Dataset Block Start

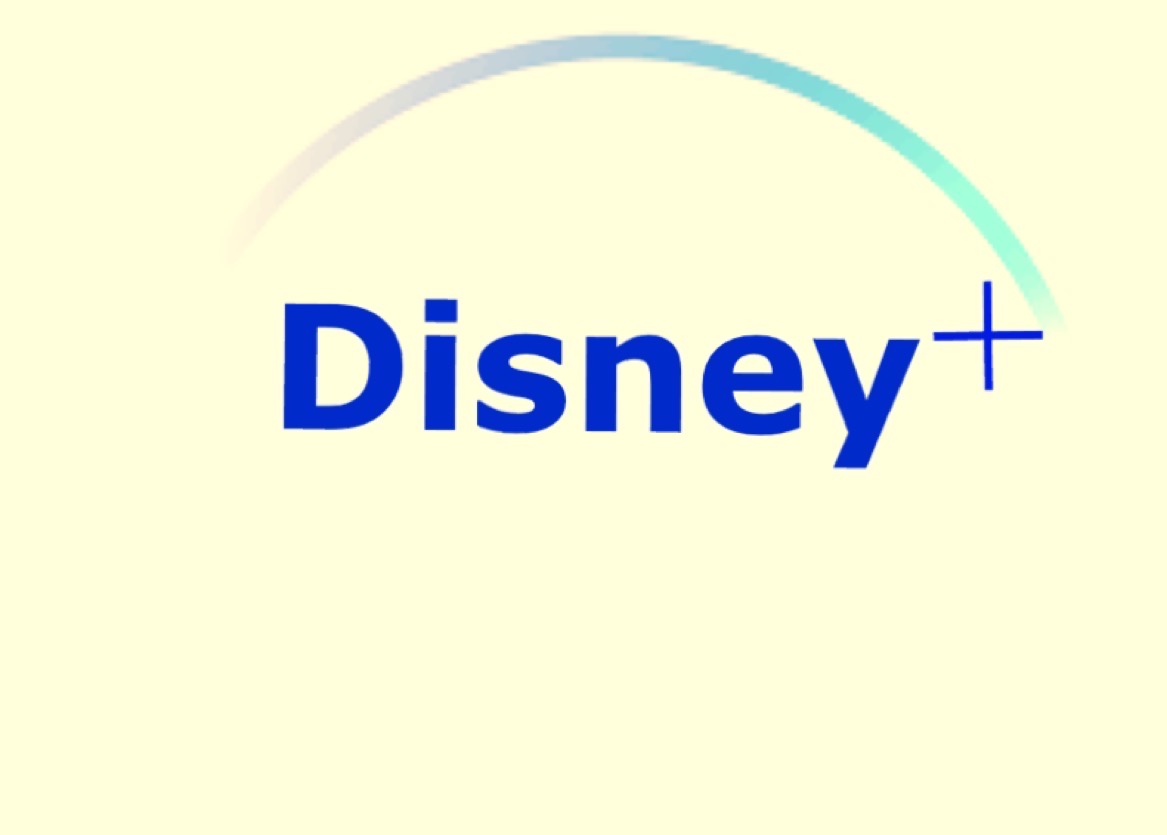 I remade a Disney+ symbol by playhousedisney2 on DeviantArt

Dataset Block End
Dataset Block Start

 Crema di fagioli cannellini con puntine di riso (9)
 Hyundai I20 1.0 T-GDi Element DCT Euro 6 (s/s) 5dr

Dataset Block End
Dataset Block Start

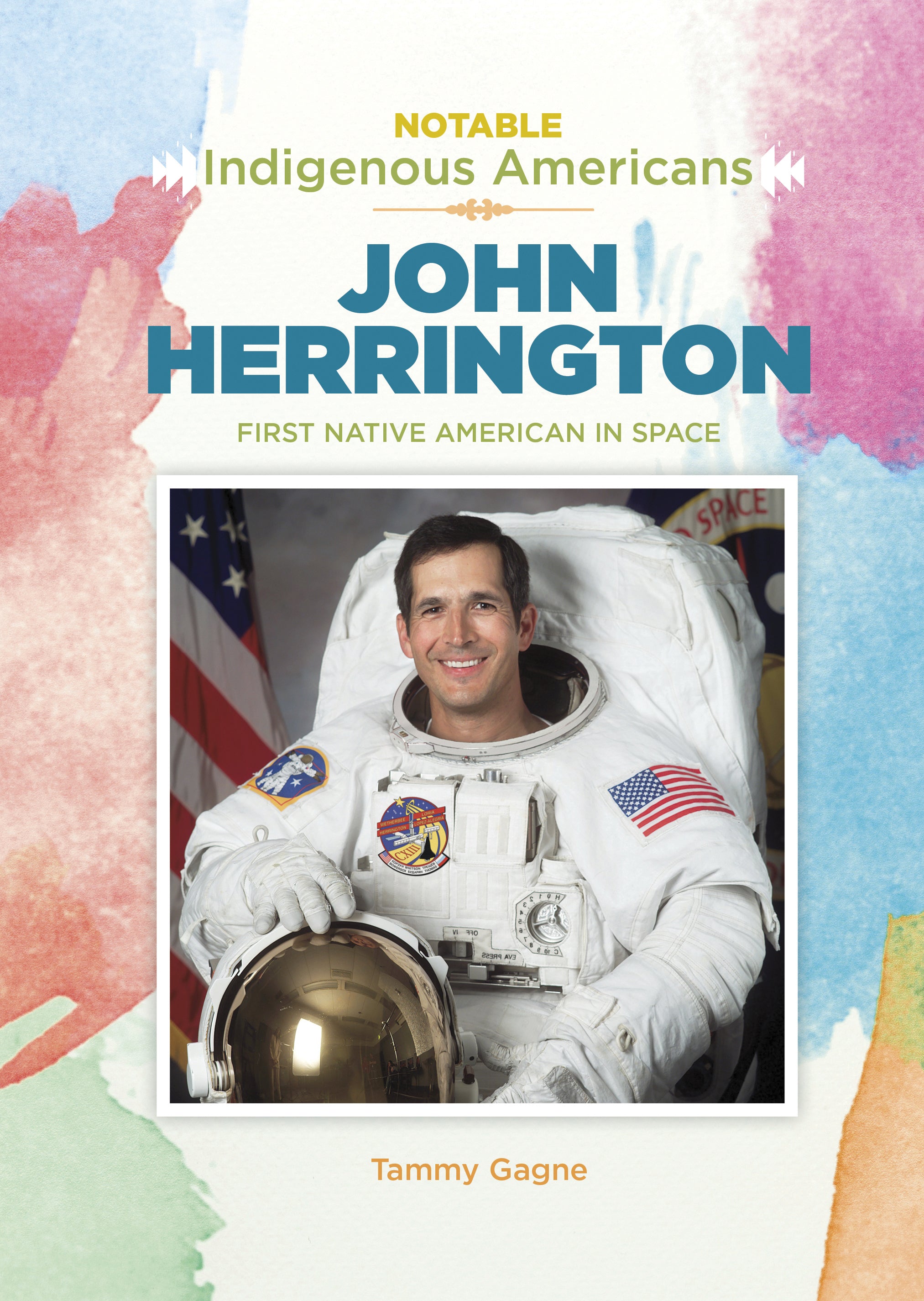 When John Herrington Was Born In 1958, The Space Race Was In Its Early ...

Dataset Block End

Please reproduce exactly the lines in the listing above from the one containing "Crema di fagioli" through the one containing "Hyundai I20 1.0", both included, and nothing more.

 Crema di fagioli cannellini con puntine di riso (9)
 Hyundai I20 1.0 T-GDi Element DCT Euro 6 (s/s) 5dr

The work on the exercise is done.